PWM resolution


I’m trying to use my Rabbit 3200 to create a 40kHz 50% duty cycle square wave to drive a 40kHz ultrasonic transducer. I have tried to use the hardware PWM but the closest I can get to my frequency is 43.2kHz. Is there some trick to getting closer to 40k? The next lowest frequency I can seen to get is 28.8kHz. While 43.2 will work, the transducer is meant to resonate at 40k, so I would get a stronger signal the closer to 40k i can get.



You might have to change your oscillator to get the frequency you want. The dividers are only going to get you so close. You should look into the CPU specs and change the oscillator to one that will give you the 40KHz you need. However, this may mess up the baud rates for serial.

Another possibility is to build an external oscillator that you can control the duty cycle on. You could do this with a Microchip microcontroller and send commands via a serial protocol. That way you can change the oscillator, but you still need to be able to use a suitable baud rate for serial.

I see. Changing the oscillator in my case in not an option. And I am not really looking to add a PIC to my project either. My assembly is far from par (I have a feeling that might change soon out of necessity). For now, I’m just going to use PWM, but may switch to interrupts and timers in the future.

Since you’re only interested in a 50% duty cycle you should be able to achieve better frequency control using a timer rather than the PWM output. Assuming your board has a 22.12MHz crystal, the clock doubler is enabled and your perclk is set to the main oscilator frequency, then perclk/2 will be 22.12MHz. Using timer B you should be able to generate an interrupt at aprox. 80KHz by loading the match register with the value 276 (or multiple of). Within the interrupt service routine you simply toggle an output pin and then reload the match register of timer B with the next multiple of 276.

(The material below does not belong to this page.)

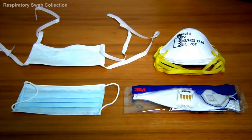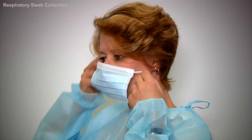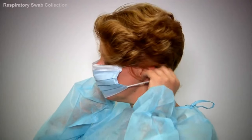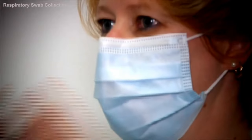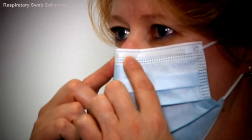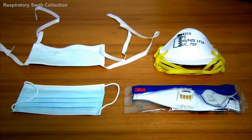Next, select the appropriate mask according to the relevant guidelines. Place an elastic loop over each ear, then open up the mask so it covers the chin and goes over the nose. Using both pointer fingers, mould the bridge over the nose. If you're using a face mask with ties, secure the mask by tying the strings at the back of the head and the nape of the neck.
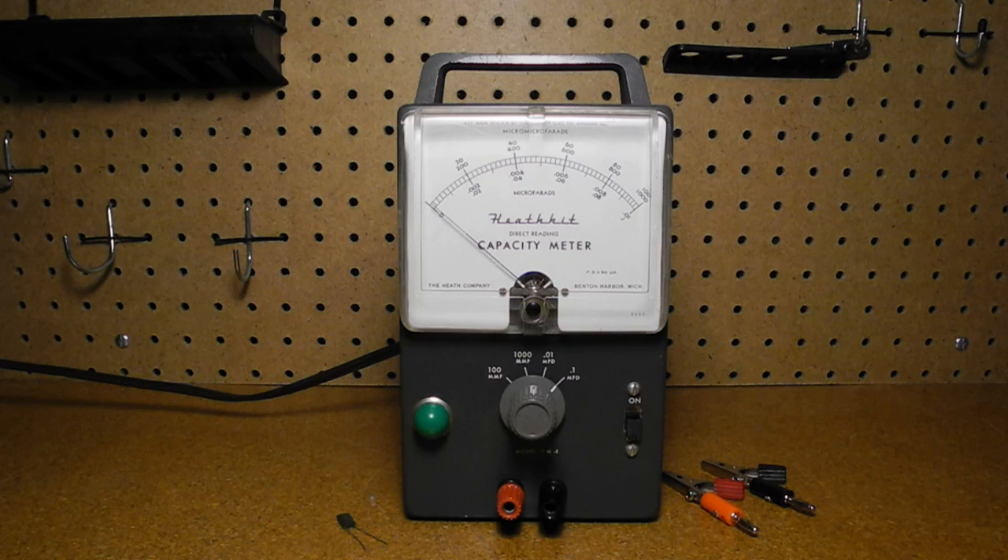In this video we'll take a look at the Heathkit CM1 direct reading capacity meter, a piece of electronic test equipment dating from the 1950s.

The value 276 will give a period of 12.48us (80.145KHz) and the value 277 will give a period of 12.52 (79.856KHz). To be more precise alternating between the two values will give a frequency of 80KHz (40KHz at the output being toggled).

int divisor;
divisor = 276;

// within the ISR
divisor = divisor + 277 - (divisor & 1); // to alternate between the two values

Hope this helps.


Thanks, that is helpful. But, I noticed that your code snippets look to be in C. Wouldn’t I want to use an assembly interrupt service routine to make my pulses? Wouldn’t that be more precise? I hope I’m wrong.